* _EXERCISE DETAILS_
Start at the first line of the listing below. Write out each line exactly, stopping after the one that contains "South West Gold winners".

::::

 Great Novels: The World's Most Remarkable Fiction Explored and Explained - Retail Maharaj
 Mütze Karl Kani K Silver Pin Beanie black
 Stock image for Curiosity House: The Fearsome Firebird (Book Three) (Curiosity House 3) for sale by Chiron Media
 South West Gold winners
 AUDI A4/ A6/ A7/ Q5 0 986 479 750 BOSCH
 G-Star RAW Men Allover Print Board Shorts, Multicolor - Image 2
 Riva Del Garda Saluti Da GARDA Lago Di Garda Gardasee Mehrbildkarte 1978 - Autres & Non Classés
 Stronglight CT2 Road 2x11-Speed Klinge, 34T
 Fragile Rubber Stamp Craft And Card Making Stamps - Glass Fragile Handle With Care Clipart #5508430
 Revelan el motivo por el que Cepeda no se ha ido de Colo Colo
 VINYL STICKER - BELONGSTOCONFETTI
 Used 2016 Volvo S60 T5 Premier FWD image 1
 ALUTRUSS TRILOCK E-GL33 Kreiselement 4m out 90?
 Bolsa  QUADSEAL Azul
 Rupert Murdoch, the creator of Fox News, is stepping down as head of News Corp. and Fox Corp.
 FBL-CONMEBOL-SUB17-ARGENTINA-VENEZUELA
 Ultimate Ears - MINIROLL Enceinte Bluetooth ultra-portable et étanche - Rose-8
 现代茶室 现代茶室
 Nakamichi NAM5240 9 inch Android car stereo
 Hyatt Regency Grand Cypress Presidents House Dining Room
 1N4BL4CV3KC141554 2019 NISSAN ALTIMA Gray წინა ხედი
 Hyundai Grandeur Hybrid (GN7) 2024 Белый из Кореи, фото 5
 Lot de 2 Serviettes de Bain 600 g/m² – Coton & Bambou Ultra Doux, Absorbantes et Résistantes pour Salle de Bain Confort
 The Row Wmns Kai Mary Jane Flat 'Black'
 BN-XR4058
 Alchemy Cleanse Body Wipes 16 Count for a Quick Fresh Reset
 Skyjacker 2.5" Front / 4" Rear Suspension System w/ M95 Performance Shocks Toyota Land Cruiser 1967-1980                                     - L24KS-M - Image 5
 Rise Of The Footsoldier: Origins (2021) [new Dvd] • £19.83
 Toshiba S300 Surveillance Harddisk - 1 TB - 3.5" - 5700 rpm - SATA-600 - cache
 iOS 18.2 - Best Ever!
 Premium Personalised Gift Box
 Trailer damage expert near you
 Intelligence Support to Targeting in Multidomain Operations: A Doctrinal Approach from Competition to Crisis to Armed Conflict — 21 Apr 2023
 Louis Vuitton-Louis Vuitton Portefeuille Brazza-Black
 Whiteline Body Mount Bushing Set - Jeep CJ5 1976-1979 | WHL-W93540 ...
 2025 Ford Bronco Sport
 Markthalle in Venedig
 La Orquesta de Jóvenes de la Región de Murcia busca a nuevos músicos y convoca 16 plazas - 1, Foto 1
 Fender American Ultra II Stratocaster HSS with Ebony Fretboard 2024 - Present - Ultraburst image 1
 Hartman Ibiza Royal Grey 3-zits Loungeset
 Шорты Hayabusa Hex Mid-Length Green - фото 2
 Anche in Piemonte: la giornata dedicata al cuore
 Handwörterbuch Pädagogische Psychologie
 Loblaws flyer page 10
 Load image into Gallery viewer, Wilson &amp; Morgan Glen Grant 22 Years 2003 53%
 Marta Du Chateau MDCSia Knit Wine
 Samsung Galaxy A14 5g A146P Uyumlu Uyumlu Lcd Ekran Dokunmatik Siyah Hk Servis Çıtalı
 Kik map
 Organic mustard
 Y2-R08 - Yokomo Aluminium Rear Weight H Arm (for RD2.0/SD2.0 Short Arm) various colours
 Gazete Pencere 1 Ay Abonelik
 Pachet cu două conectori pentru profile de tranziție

::::

* _SOLUTION FOR THIS TASK_
 Great Novels: The World's Most Remarkable Fiction Explored and Explained - Retail Maharaj
 Mütze Karl Kani K Silver Pin Beanie black
 Stock image for Curiosity House: The Fearsome Firebird (Book Three) (Curiosity House 3) for sale by Chiron Media
 South West Gold winners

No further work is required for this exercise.